学会について・沿革

学会について・沿革

一般社団法人 日本免疫治療学会 設立趣意書

現在のがん治療は、三大治療といわれる外科療法、放射線療法、化学療法を中心に大きく発展を遂げている。しかし、進行がんの場合は根治が難しく、また、治療の副作用を被ることにより、必ずしも患者の利益につながらない場合があることが指摘されている。このような現状の中で、真に患者の利益となる新たな治療法の確立が期待されている。  
近年の基礎免疫学の進歩は、腫瘍や病原微生物に対する生体の免疫応答機構を飛躍的に解明し、各種疾患に対する免疫療法の新しい発展の大きな可能性を開いている。またバイオテクノロジーの発展は、細胞医療という新しい視点に立った治療法を成立させた。

がんに対しては、細胞医療の一分野である免疫細胞治療はその有効性が報告され、厚生労働省の承認の下、先進医療あるいは高度医療としても行われている。また、ウィルス感染症に対する有効性についても検討されている。免疫細胞治療は、真に患者の利益となるがん治療の一つとして広く普及すべきであり、また今後の改良による大きな進歩の可能性をもった治療法である。また、従来の三大治療法などと積極的な併用が可能で、根治手術後の再発率を減少させるも報告されており、大いに研究が推進されるべきである。

しかしながら、がん医療の現状は、免疫細胞治療が、がん治療法の一つとして標準化されるには程遠い状況であるといえる。この背景には、医療界での本療法に対する理解の不足、実際に本療法を行うにあたっての人的・技術的・経済的な制約、現状の医療システム中での社会的な制約などが存在している。これらの点をふまえて、がん、感染症、その他の難治性疾患に対する治療法として、免疫細胞治療の健全な育成と普及を目指すべきであると考える。そのためには免疫細胞治療に関する学術活動・情報発信、臨床応用を主眼とした基礎研究の促進、一定の品質、安全確保のための細胞培養士・細胞培養施設の認定、および医療行政に対する提言などを行っていくことが不可欠である。

上記の目的を達成するために、このような行動の母体となる学術団体として、一般社団法人日本免疫治療学会をここに設立するものである。

沿革

本会の前身である日本免疫治療学研究会は2003年4月に故江川滉二東京大学名誉教授により設立された。
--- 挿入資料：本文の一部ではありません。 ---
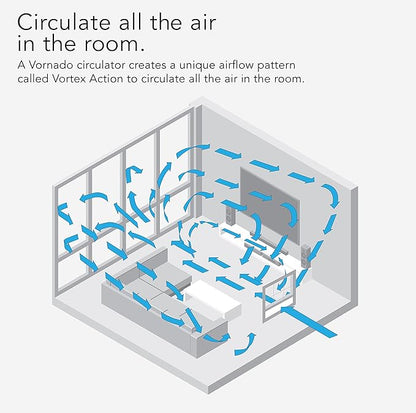Vornado TRANSOM AE Window Fan Works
2009年8月に江川会長が急逝され、2011年9月に一般社団法人として認可されたのを機に、安元公正産業医科大学名誉教授が2019年2月までの長きに渡り理事長を務めた。その間、免疫細胞療法細胞培養ガイドライン策定(2013年11月)、がん免疫細胞療法用臨床試験ガイダンス策定(2014年5月)等、安元理事長の強いリーダーシップのもと様々な活動が実行され、その成果として、2018年1月に日本学術会議により学術会議協力学術研究団体に指定された後、4月には日本免疫治療学会へと昇格した。
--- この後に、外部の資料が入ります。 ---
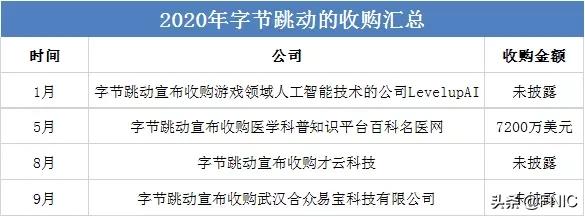 年终盘点 | 2020科技界的收购“大乱斗”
その後、2019年2月に安元理事長の退任および名誉理事長への就任に伴い、副理事長であった国立がん研究センター免疫療法開発分野の中面哲也分野長が新理事長に就任し、現在に至る。

年1回開催している学術集会では、研究会時代はがんの免疫細胞治療に重点を置いたテーマとしていたが、学会になるにあたって抗体療法等も免疫治療の一環として取り扱い、対象疾患もリウマチ、膠原病、喘息等の自己免疫疾患や臓器移植等に枠が広げられた。また、中面理事長主催による次世代リーダー育成プログラムは免疫治療学発展のための若手リーダー育成を目的として企画された。毎年、その年の学術集会ポスター発表者数名がプレゼンを行い、理事・運営委員とのディスカッションを通じて将来のリーダー候補が育成されている。